**Provided data**
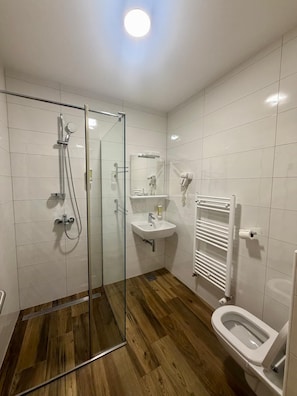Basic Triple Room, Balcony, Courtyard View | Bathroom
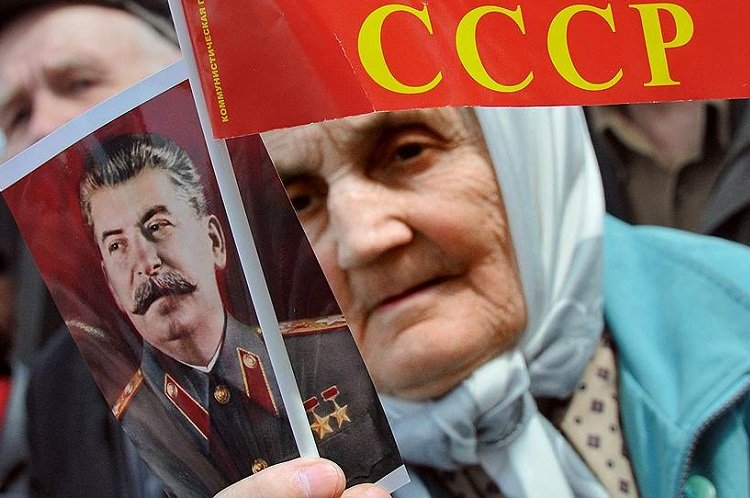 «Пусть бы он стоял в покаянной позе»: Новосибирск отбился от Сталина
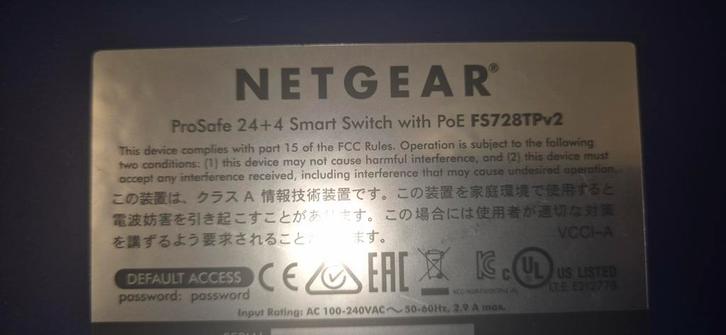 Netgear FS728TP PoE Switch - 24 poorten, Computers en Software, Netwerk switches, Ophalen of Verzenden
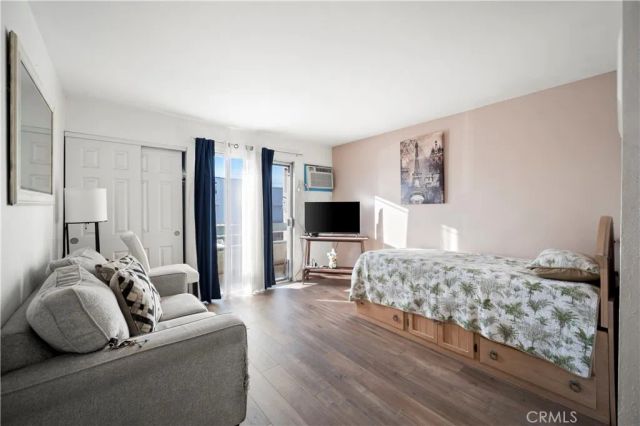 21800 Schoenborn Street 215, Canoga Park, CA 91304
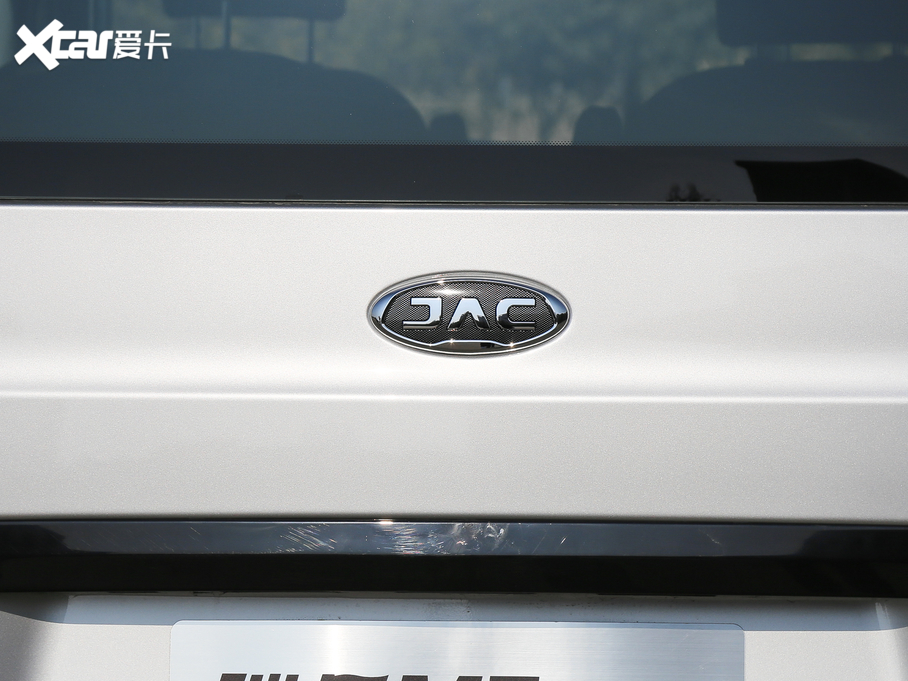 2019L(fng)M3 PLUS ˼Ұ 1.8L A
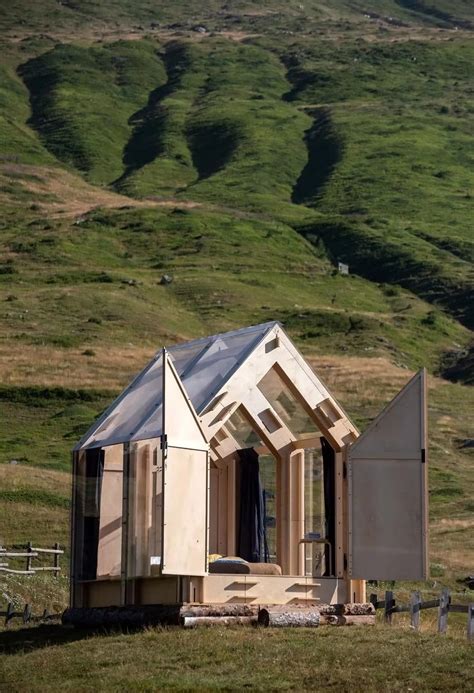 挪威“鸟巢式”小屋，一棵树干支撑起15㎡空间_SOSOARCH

**What the task asks**
Please retype, exactly as they appear, the lines from the one with "2019L(fng)M3 PLUS ˼Ұ 1.8L A" through the final line of the material, both included, and drop any pictures.

**Finished exercise**
 2019L(fng)M3 PLUS ˼Ұ 1.8L A
 挪威“鸟巢式”小屋，一棵树干支撑起15㎡空间_SOSOARCH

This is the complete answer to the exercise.